### Activity
Reproduce all entries below verbatim. Skip the pictures.

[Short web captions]
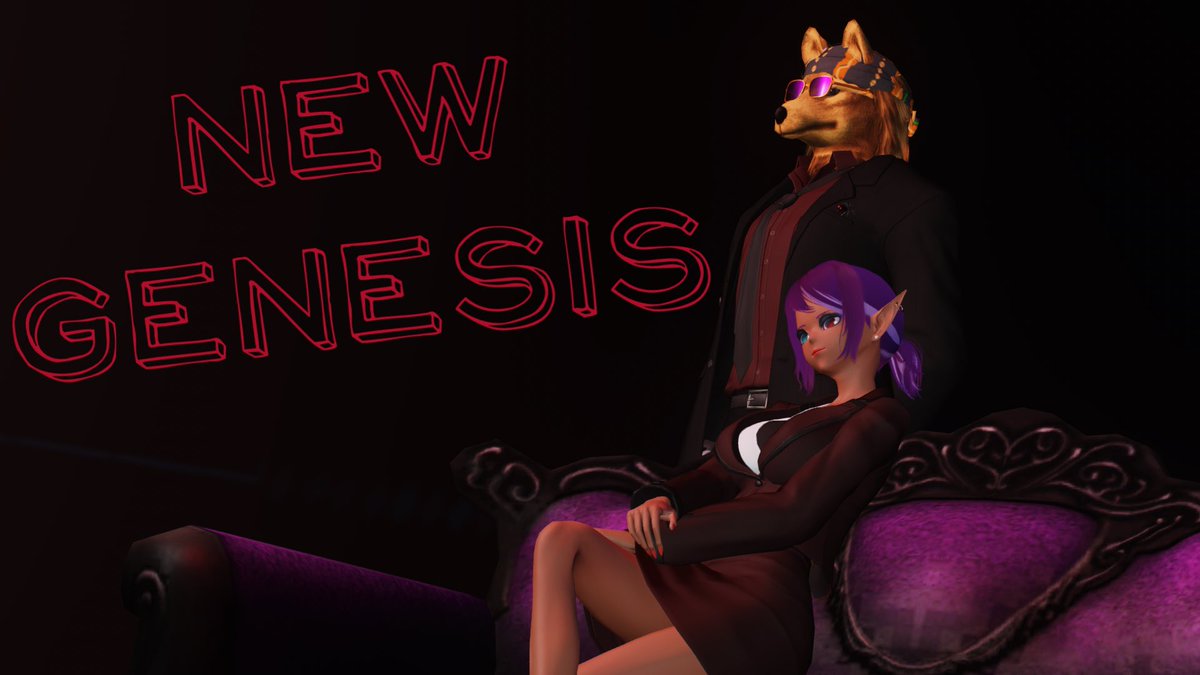 D0GGY296's tweet photo. 『プロローグ』
#PSO2NGS
#PSO2NGS_SS
#RoteHexe
#RustyBulletProject https://t.co/BfVyy71ifk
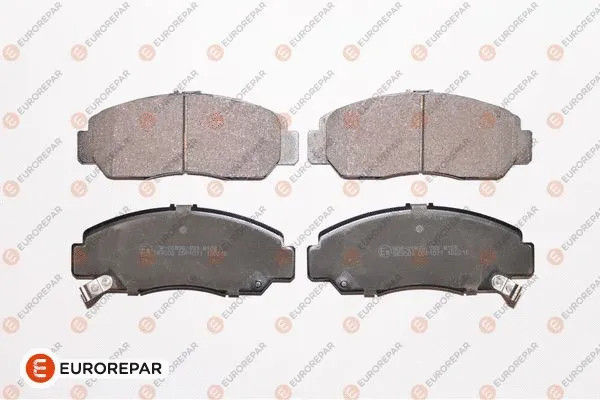 Brake Pad Set, disc brake (1639379980)
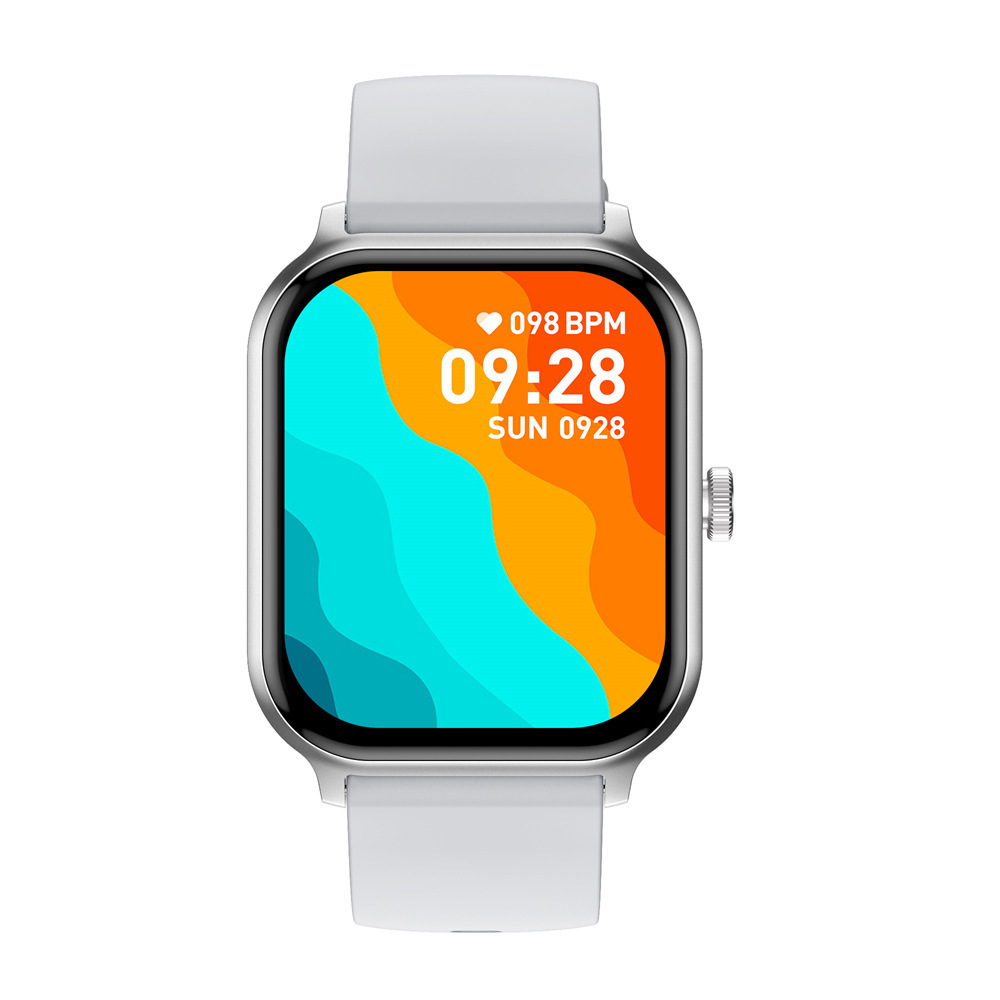 Smart Watch Bluetooth Calling Heart Rate Sports Band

### Task result
 D0GGY296's tweet photo. 『プロローグ』
#PSO2NGS
#PSO2NGS_SS
#RoteHexe
#RustyBulletProject https://t.co/BfVyy71ifk
 Brake Pad Set, disc brake (1639379980)
 Smart Watch Bluetooth Calling Heart Rate Sports Band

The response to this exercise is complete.